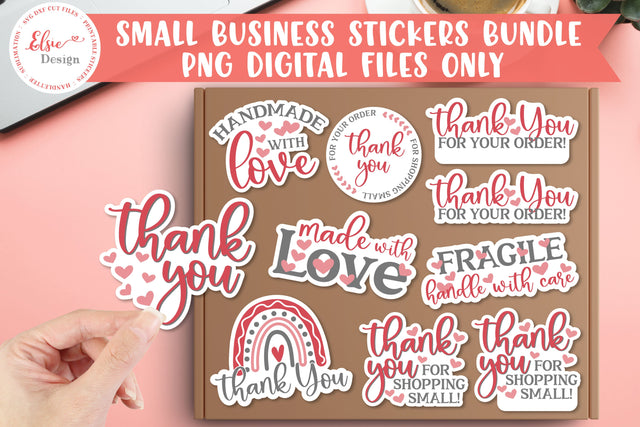 Thank You for Your Business PNG Stickers Bundle SVG Elsie Loves Design 
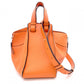 LOEWE Hammock Small Shoulder Bag, Leather, Orange, 2-Way Crossbody, Anagram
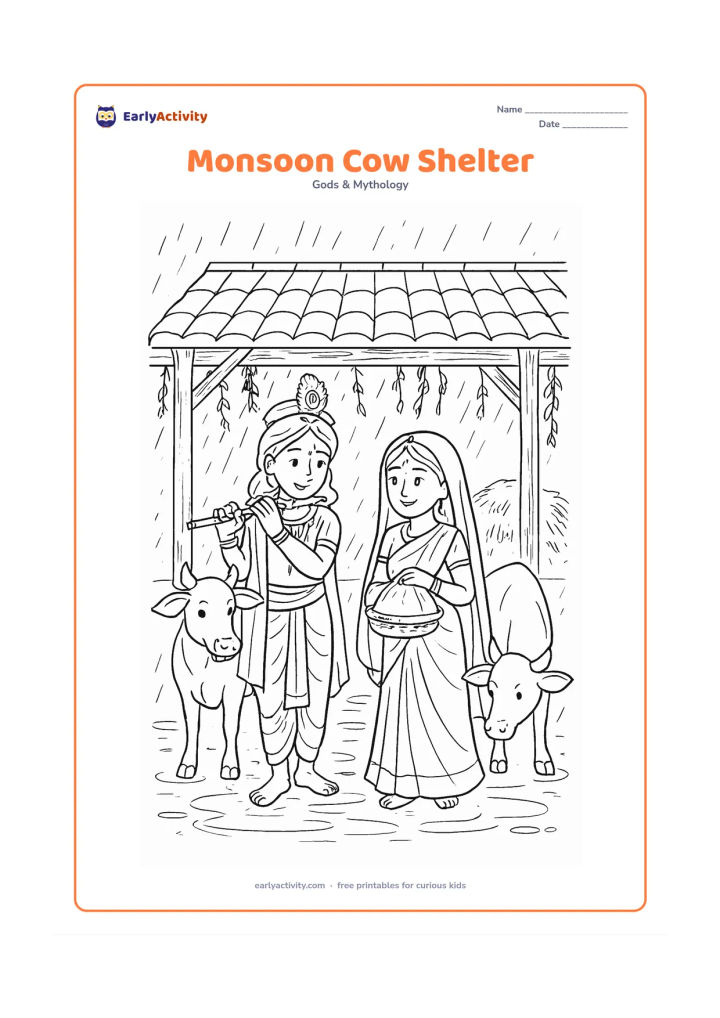 Colouring page: Draw Radha and Krishna standing under a tiled village shelter with two cows during a gentle monsoon shower. Krishna holds his flute, Radha carries a covered basket, and the scene…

--- YOUR GOAL ---
The whole listing must come back verbatim, with no pictures included.

--- SOLUTION TO THIS EXERCISE ---
 Thank You for Your Business PNG Stickers Bundle SVG Elsie Loves Design 
 LOEWE Hammock Small Shoulder Bag, Leather, Orange, 2-Way Crossbody, Anagram
 Colouring page: Draw Radha and Krishna standing under a tiled village shelter with two cows during a gentle monsoon shower. Krishna holds his flute, Radha carries a covered basket, and the scene…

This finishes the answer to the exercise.